From kitchen experiments to gold medals

David Herrick

About a decade ago, Foundry Chocolate owner, David Herrick did not set out to build a global brand. He was a stay at home dad, having swapped roles with his wife Janelle so one parent could be there full-time. However, one day while his child was napping, a magazine article about a small chocolate maker in London caught his attention, and with it came a quiet but disruptive idea – perhaps chocolate did not need to be made in a factory.

“I thought you could make chocolate without some huge factory so I went and brought some craft chocolate from a shop in Auckland, and I ate it, but I didn’t like it. But I don’t know why, I couldn’t shake this idea of being able to make chocolate. I parked it for a while.

Returning to it once his child was at kindy, that curiosity quickly turned into research. The first attempts were crude and messy. Cacao beans were roasted in the oven, cracked with a wine bottle inside a snaplock bag, and the husk blasted away using a hairdryer. Several ruined domestic appliances later, Herrick was left with a hot, gritty paste that burned his tongue. It tasted terrible, but he had made chocolate. After confessing to Janelle that he had blown up their appliances, they ran some basic numbers. “We thought, this could be something. So we bought a basic stone grinder, which we didn’t know was broken, and basic coffee roasters and I started sourcing single origin cacao as we had worked out that the single origin route, where you don’t add any flavour to the chocolate, was the way we wanted to go.”
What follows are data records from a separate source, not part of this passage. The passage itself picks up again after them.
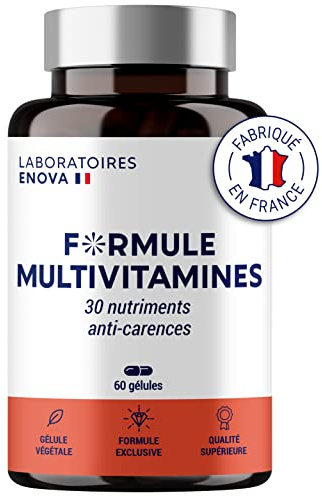 FORMULE MULTIVITAMINES et Minéraux 30 Nutriments | Vitamine A B C D E K, Quercetine, Magnesium, Zinc, Coenzyme Q10, Selenium | Complement Alimentaire | Fabriqué en France | 60 gélules
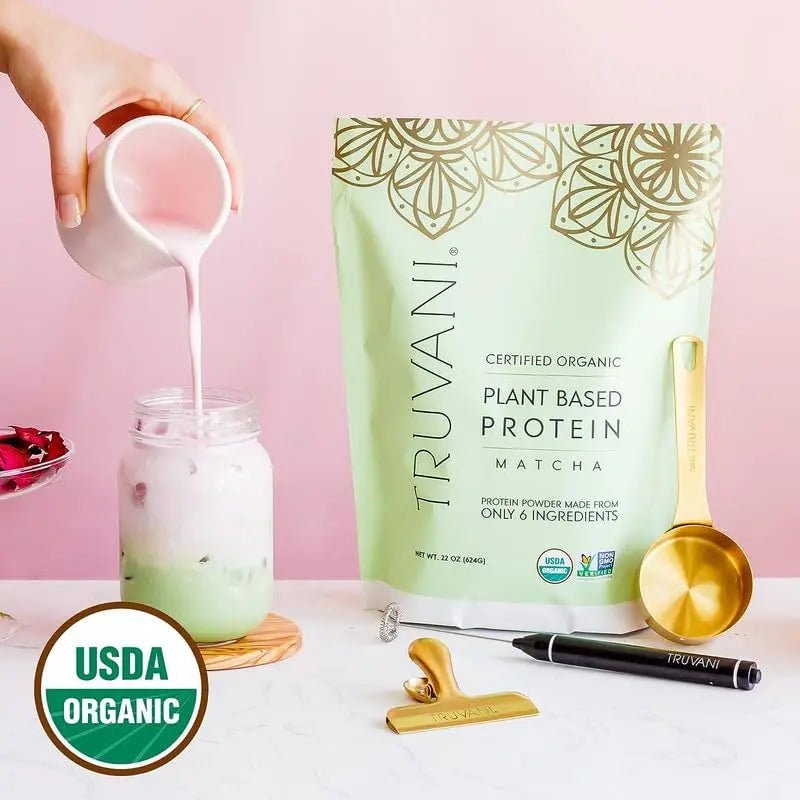 Truvani Organic Vegan Protein Powder Matcha - 20g of Plant Based, Organic Protein - TrustMedUSA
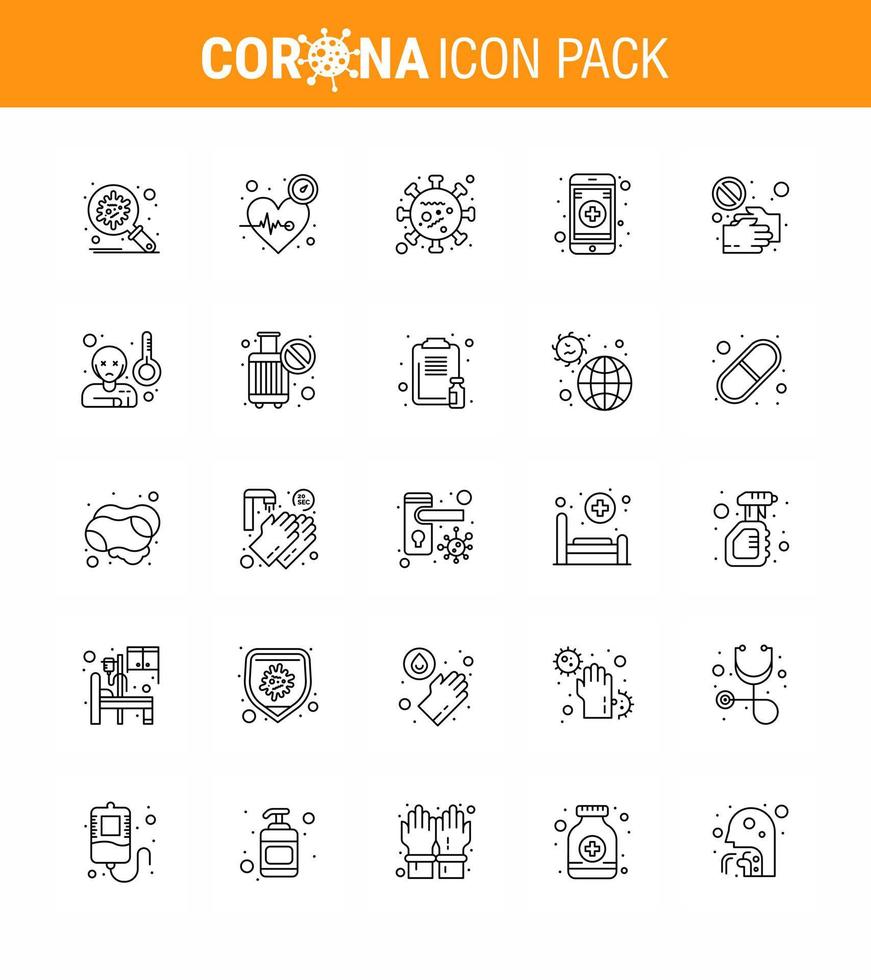 Covid19 Protection CoronaVirus Pendamic 25 line icon set such as mobile app medical time microorganism virus viral coronavirus 2019nov disease Vector Design Elements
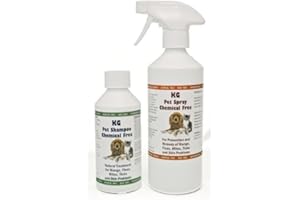 NATURAL ENZYMES KG Wash & Go No Rinse Pet Shampoo 250 ml & Spray 500ml. Rids & Protects from Mange, Fleas, Ticks, Mites & Itchy Skin Problems, Promotes Hair Re-Growth. SLS, Paraben, Pesticide & Chemical Free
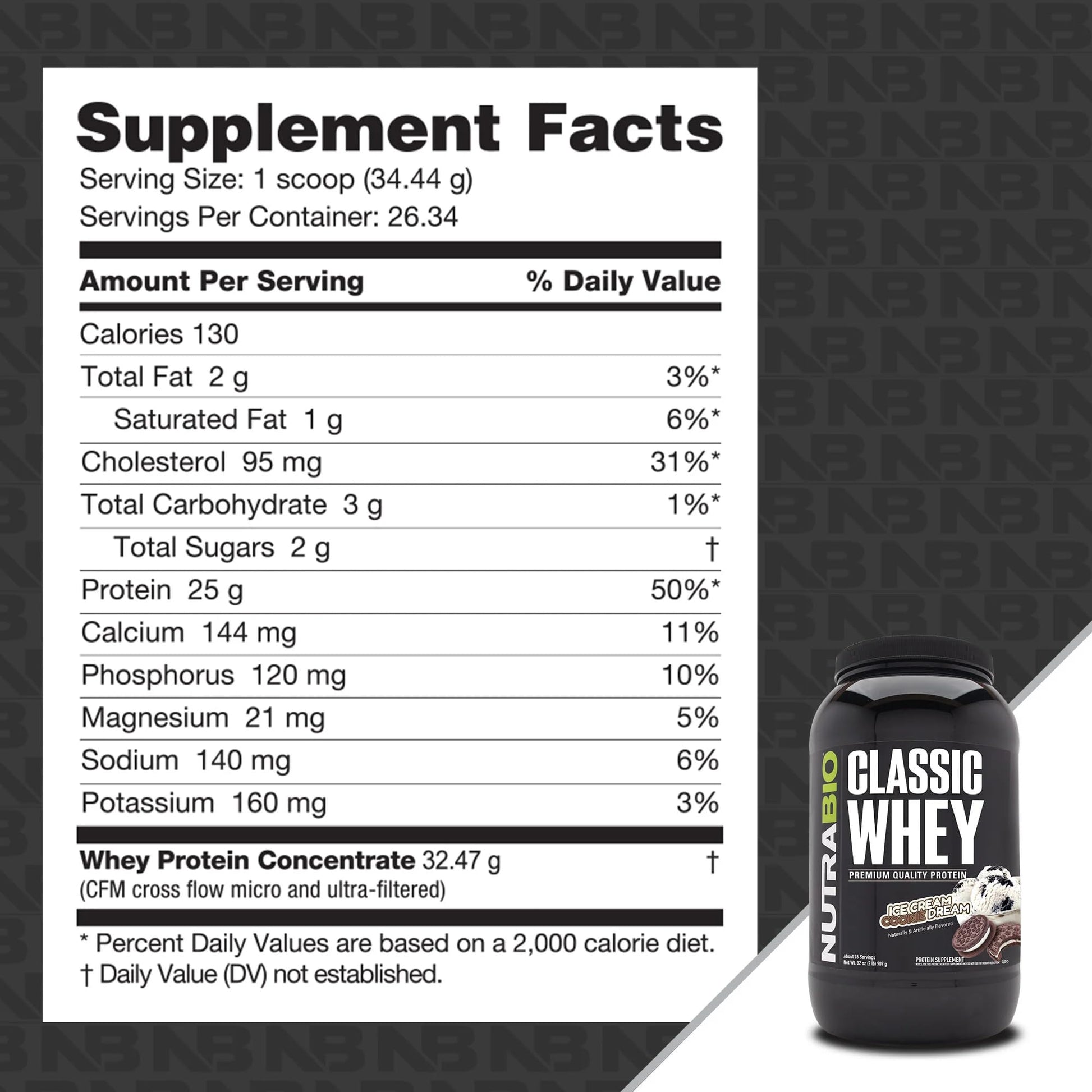 NutraBio Classic Whey Protein Powder- 25G of Protein Per Scoop - Ice Cream Cookie NutraBioUS supplements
It also aligned with practical realities. As Janelle follows a dairy and gluten free diet, making chocolate without additives was both a personal and commercial decision.

Cacao grows within a narrow belt either side of the Equator, much like coffee, and Herrick discovered that beans from different regions produced distinct flavour profiles, much like wine or whisky.

“Then we worked out that if you roast them differently and you age them differently, you start making all this chocolate that tastes really different.”

By 2018, the project moved from experiment to intention. Herrick tested 51 single origins and narrowed them to a top six. Friends and family liked them, but he wanted independent validation, so he handed the bars to a visiting chocolate judge in Auckland.

“They went very quiet,” he says. “Then they swore at me. Apparently what they were eating was that good.”

Still working from home, the business had one major advantage. Overheads were minimal. The model was low volume, high margin, and that was not an accident.

Herrick says they had a ridiculous five-year stretch goal to win a global award.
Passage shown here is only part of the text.